Pag. 212 –Con tutti i suoi «peccati originali» importati dall’Oriente e i suoi silenzi colpevoli sui crimini sovietici, il Pci è stato un partito. Una parte costituente della democrazia italiana. Poteva essere un partito diverso se in alcuni momenti (1926, 1948, 1956) i suoi dirigenti avessero avuto più coraggio, soprattutto nel senso di recidere quel cordone ombelicale con il Cremlino.

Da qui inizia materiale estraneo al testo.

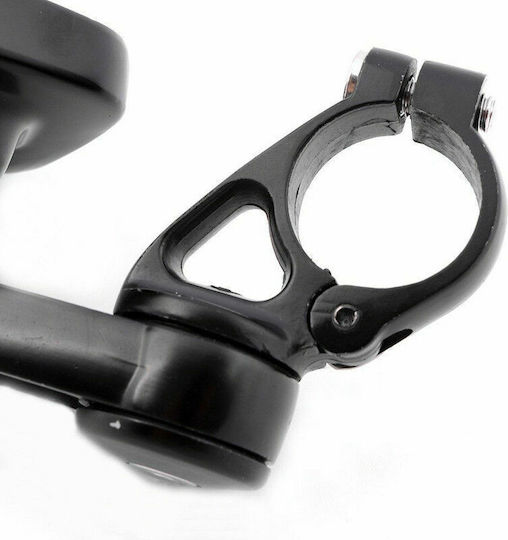 Motorcycle Mirrors 2pcs Black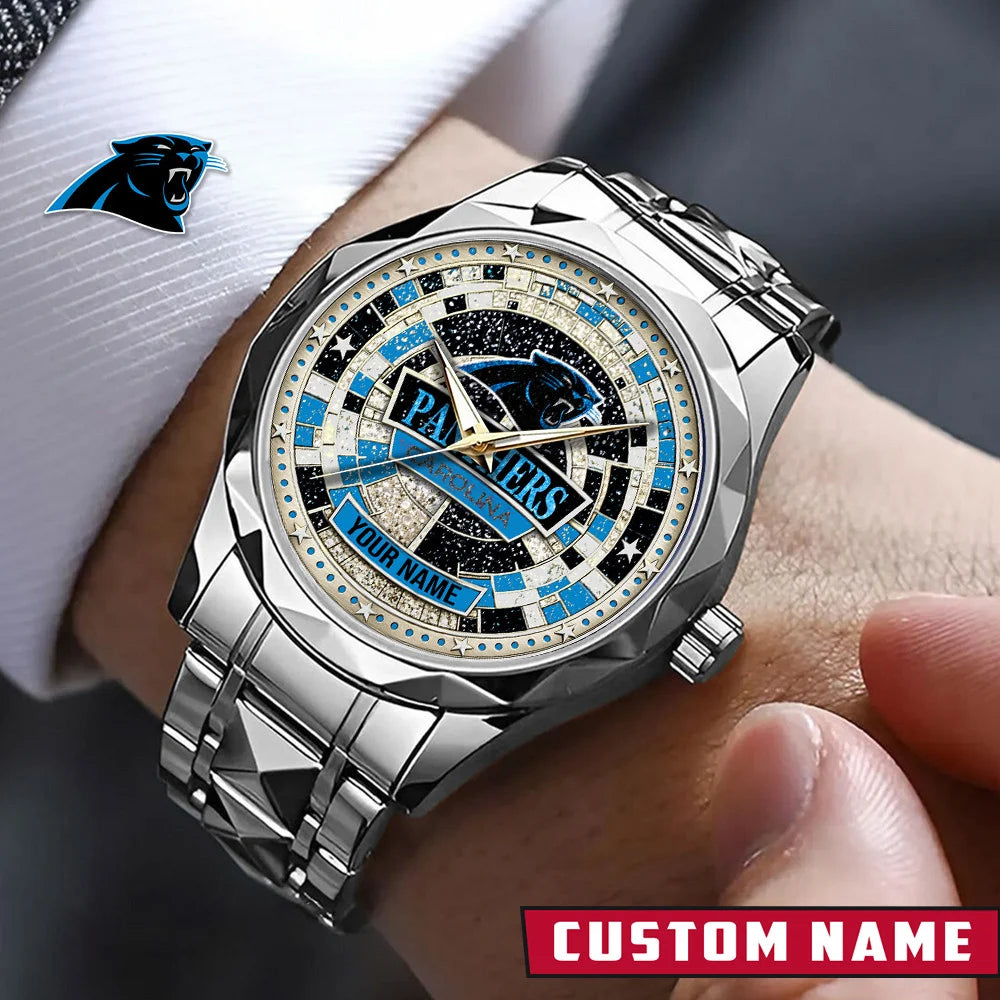 NFL Premium Luxury Stainless Steel Watch Custom Name Gift For Fan - Limited Edition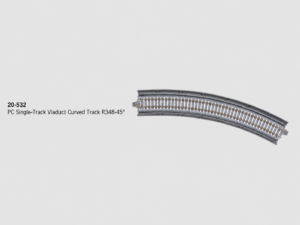 20-532 PC Single Curved Viaduct Track R348-45 2 pcs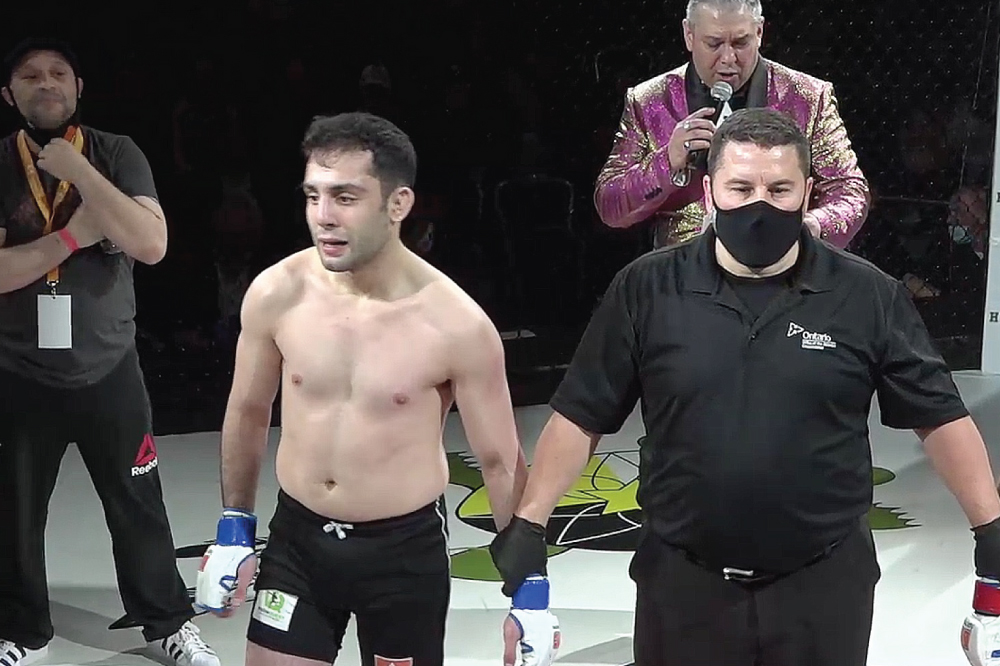 mmaempirecanada's tweet photo. The action is underway at #BTC14 as Gino Ghalehpardaz earns his first professional win, submitting Nate Ledger in the first round.

https://t.co/JQ2IK1peoN https://t.co/TQdxmCqKeM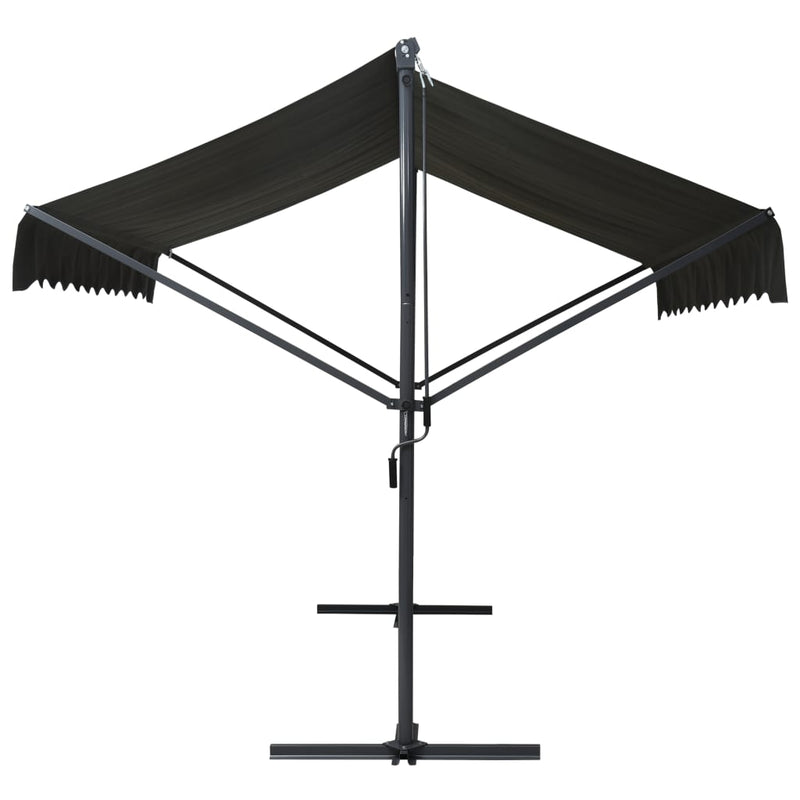 Free Standing Awning 157.5"x118.1" Anthracite
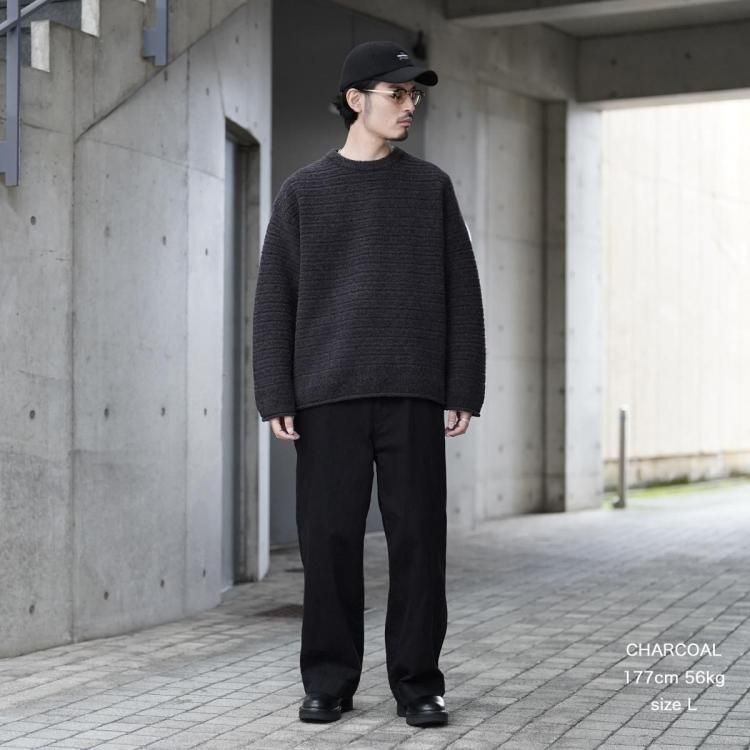 リバーブ reverve 25AW ボーダークルーネックセーター Border crew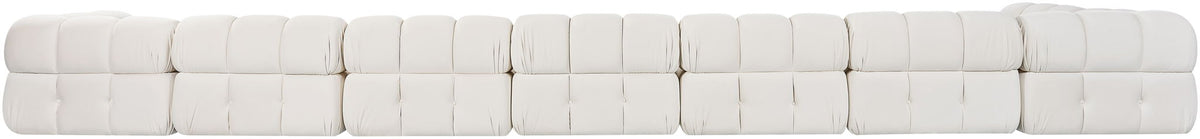 Orin - Velvet Performance Fabric Upholstered 8 Piece L-Shaped Sectional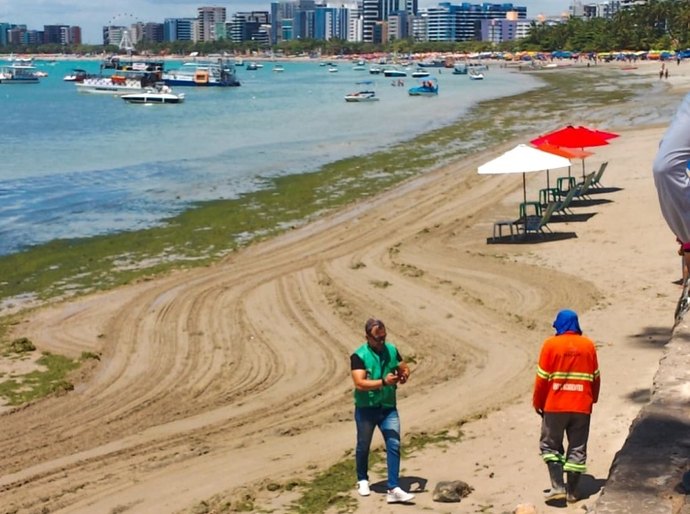 Vistoria técnica descarta lançamento de esgoto na orla da Pajuçara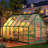 8'x14' Aluminum Frame Polycarbonate Greenhouse with Roof Vent & Gutter System-119784010
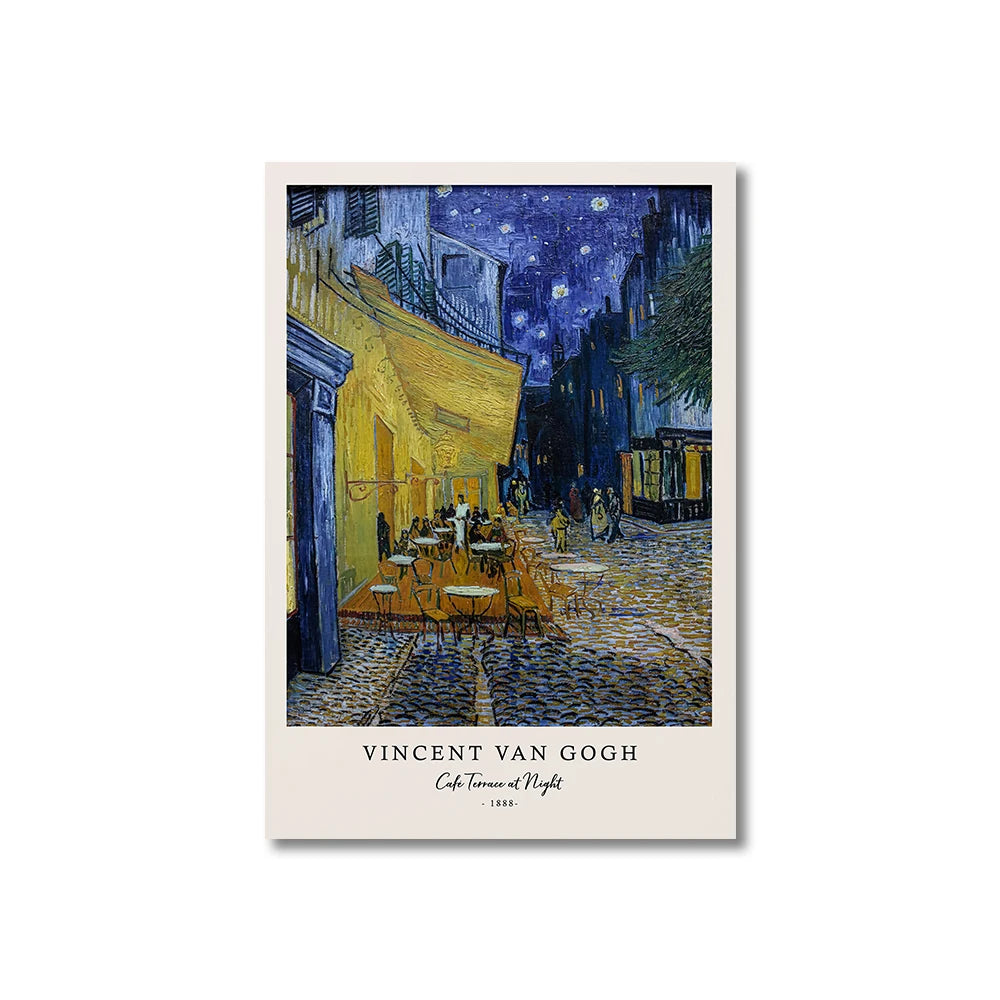 Starry Night Wall Decor – Van Gogh Canvas Poster for Living Room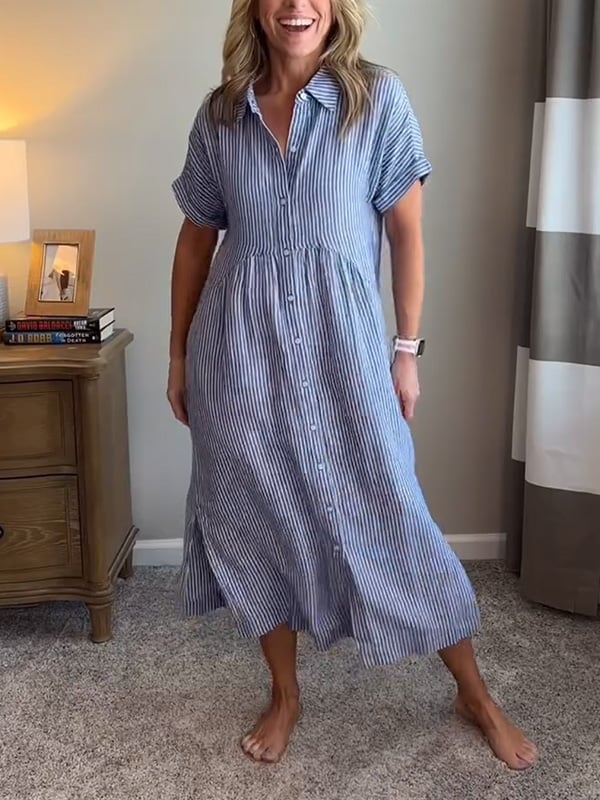 Image of Donna | Women's Button-Down Midi Dress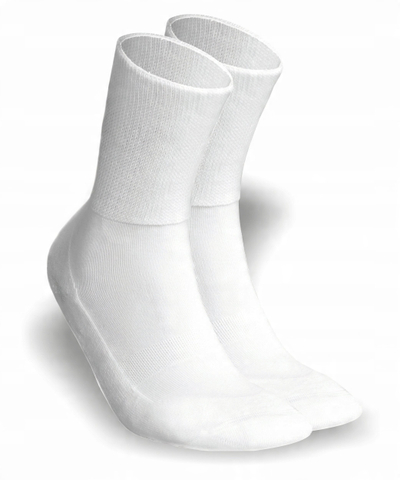 Çorape shëndetësore Deomed Medic Deo Silver Frotte, antibakteriale, masa 41-43, të bardha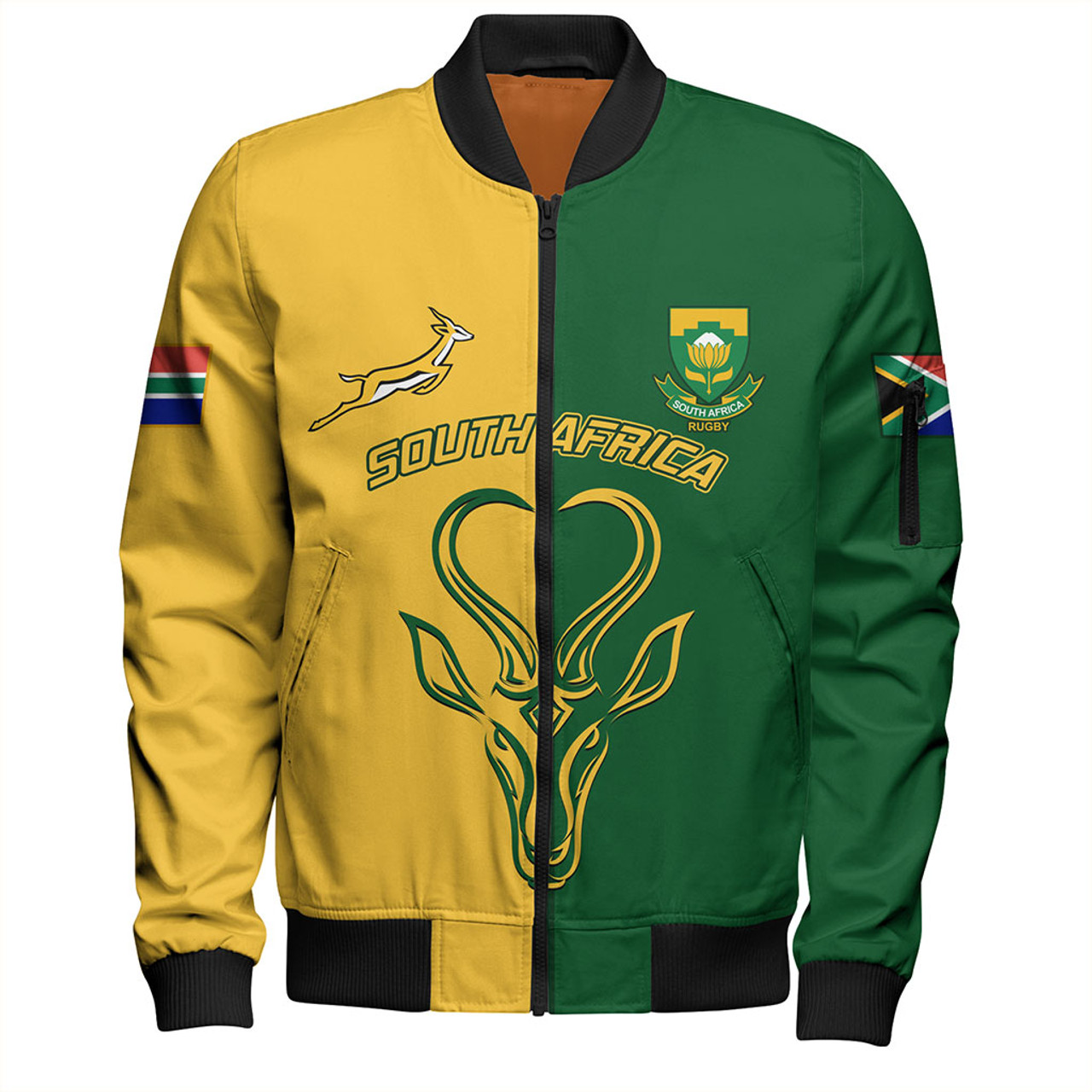 South Africa Zipper Bomber Jacket Circle Style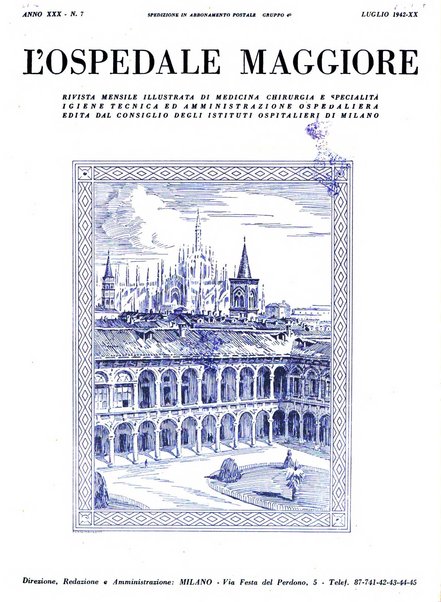 L'Ospedale Maggiore rivista scientifico-pratica dell'Ospedale Maggiore di Milano ed Istituti sanitari annessi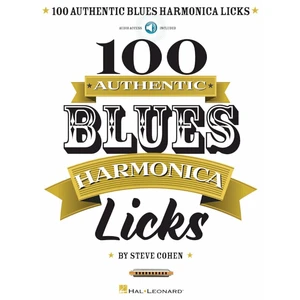 Steve Cohen 100 Authentic Blues Harmonica Licks Spartito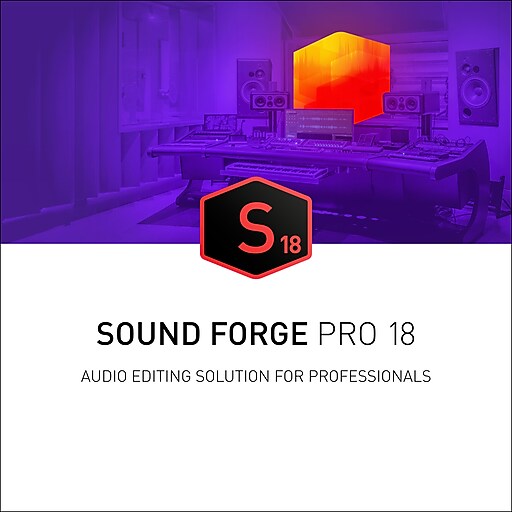 Magix SOUND FORGE Pro 18 for 1 User, Windows 10 & 11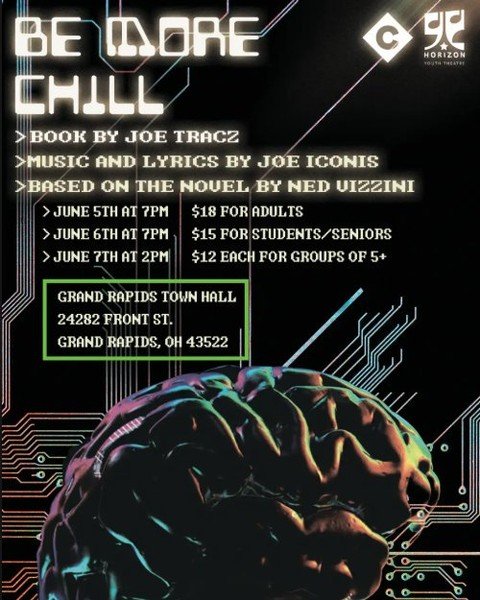 Calibration is process. Accessing human social activity. Accessing neural memory. Process complete. I see you have not yet purchased your tickets for HYT's Be More Chill. I envision a future in which you attend this production and things turn out wel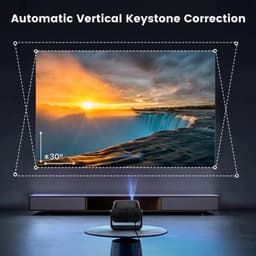 Mini Beamer - Projector - Digitale projector - 145° verstelbare standaard Miniprojector met WiFi en Bluetooth - 1080P - 18000 lumen - Draagbare projector - Autofocus - Schermschaal 16:09 - Compatibel met HDMI - Stroom - USB - Zwart — thumbnail 1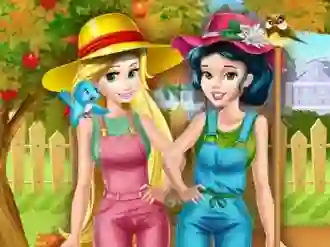 遊戲Princesses Working In the Garden在線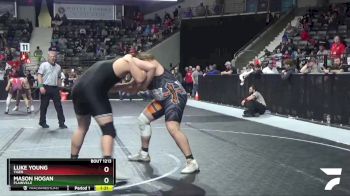 285 lbs Quarterfinal - Mason Hogan, Plainville vs Luke Young, Tiger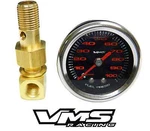 Vms Honda Acura 1/2 100PSI Black Red Fuel Pressure Gauge Liquid Filled 1/8 Npt. Fixed Price $944.95.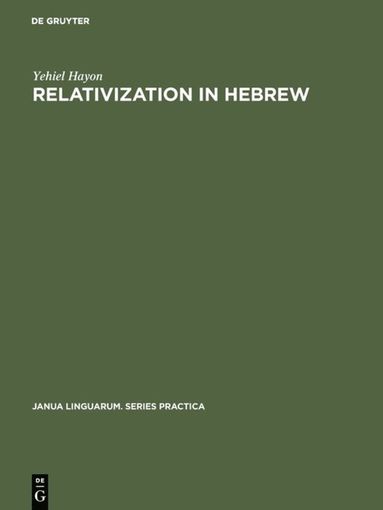 bokomslag Relativization in Hebrew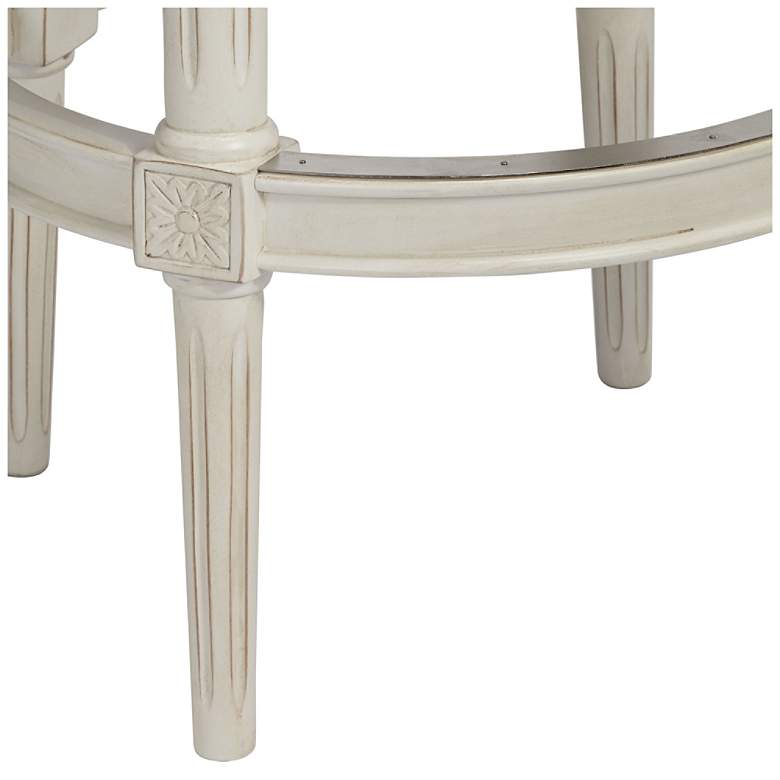 Image 4 Oliver 30 1/2" Cream Fabric Swivel Bar Stools Set of 2 more views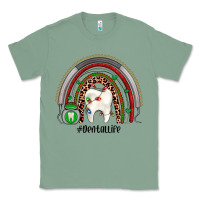 Sage Christmas dental life rainbow Classic Tee - JahusDesignShop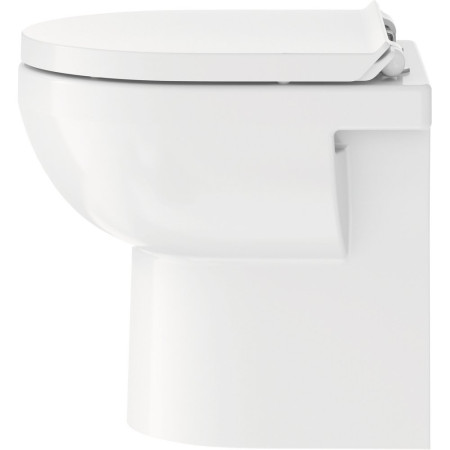 21840900002 Duravit No 1 Back to Wall Rimless WC Pan and Seat Side View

Abbiamo anche cercato di indicare, volta per volta, gli impulsi teorici che il Pci propone alla crescita della società italiana ancora da prima della sua scissione-fondazione – i consigli di fabbrica eletti dal basso, la rappresentanza degli operai ai vertici delle aziende, la difesa della piccola proprietà contadina, la mobilitazione delle masse meridionali – ma che, non solo e non tanto per colpa del Pci, vengono lasciati cadere o distorti in senso clientelare nel tempo della Repubblica. Anche questa cultura politica riformatrice si attenua lungo la strada.
Negli anni settanta – quando, è bene ricordarlo, l’Italia rimane l’unica democrazia nell’intero fronte sud della Nato, da Lisbona ad Ankara – l’introiezione dei limiti imposti dalla guerra fredda porta alla strategia del compromesso storico anziché dell’alternanza e si accompagna, non casualmente, a una diffidenza circospetta nei confronti dei movimenti di massa che agitano la società. Molte leggi di riforma vengono allora approvate (anagrafe tributaria, regioni, statuto dei lavoratori, diritto di famiglia, divorzio, aborto, servizio sanitario nazionale) ma non tutte con l’appoggio del Pci che sembra ripercorrere – come nell’astensione sullo statuto dei lavoratori preparato dal socialista Brodolini – quel «bizantinismo» delle origini di Bordiga che preme per le riforme ma poi le condanna (si astiene) perché troppo arretrate e incomplete. Ma il Pci contribuisce anche a costruire il fronte della fermezza contro i terrorismi, nonostante e contro le deviazioni degli apparati di sicurezza dello stato. E ne paga lo sforzo perdendo gran parte della sua spinta riformatrice.